I hear neurons are more complex than the building blocks of the devices AI runs on. First, man made building blocks require way more energy to work than neurons. The more building blocks the more energy. If AI developers plan to create a computer that emulates human intelligence by snowballing the hardware, they may wind up with a system that will prove too expensive to power.
Second, neurons seem to be intelligent in themselves because (1) they are machines with a state and (2) they are endowed with an instruction set which they can send to one another. Neurons can learn from each other.
But artificial intelligence is not a reason for humans to worry. Computers lack will and voluntary action. The idea that computers will be made to feel something is a hypothesis based on faith because nothing in their current structure justifies this idea. Even if this can happen, its realization should be so far in the future that for most of us the issue may seem unlikely or irrelevant.

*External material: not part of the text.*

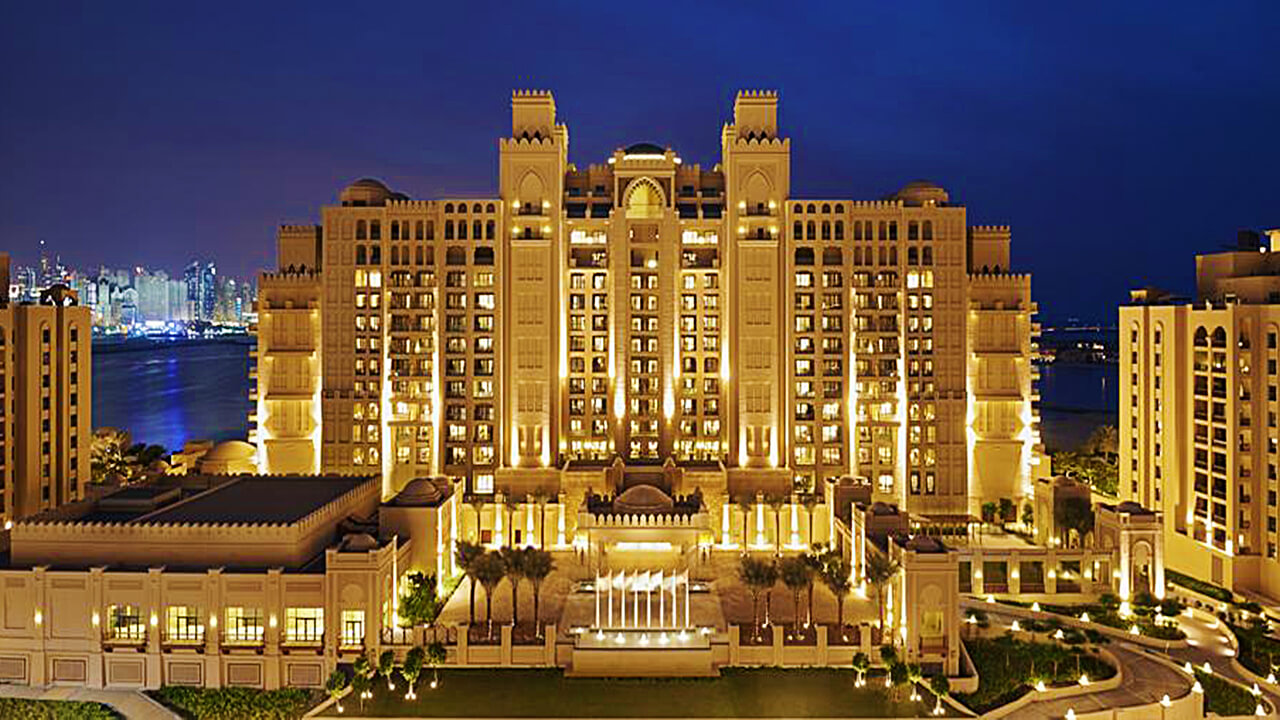 Hotel Fairmont thePalm Exterior Night view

I beg to differ. You have repeatedly raised this bogus argument here, and here, and here, and most emphatically here where you said “There is no component or section of the computer that provides the kind of overview necessary for intelligence.”
This is (a) true, (b) absolutely irrelevant, and (c) betrays a fundamental misunderstanding about the nature of intelligence.
And I wish you would stop trying to disparagingly refer to computers as “numerical”, which is not a valid or meaningful concept in computer science and left even the popular perception after the 1940s. Computers are general information processors that operate on symbols.
This is just incoherent. It just repeats several times in different ways the strangely contradictory notion that intelligent behavior is not really intelligent if a computer does it, no matter how intelligent it actually is. All of that silliness has already been addressed several times and this repetitive line of argument is just no longer productive.
Here you seem to be confounded by a conflation with biological intelligence. Why would machine intelligence necessarily have a normal distribution? We have a normal distribution of intelligence because we’re biological entitities with normal distributions of many physical attributes. Machine intelligence will be a function of its algorithms and heuristics and the capabilities of the hardware it’s running on, and also of the experience – i.e.- directed or non-directed learning – that it’s been exposed to. But there’s no reason to expect the resultant distribution to conform to a Gaussian function.
I agree of course. But this meme is not just from sf. I was on a business trip when the 386 was announced, and The USA Today said that true AI was just around the corner thanks to all this power.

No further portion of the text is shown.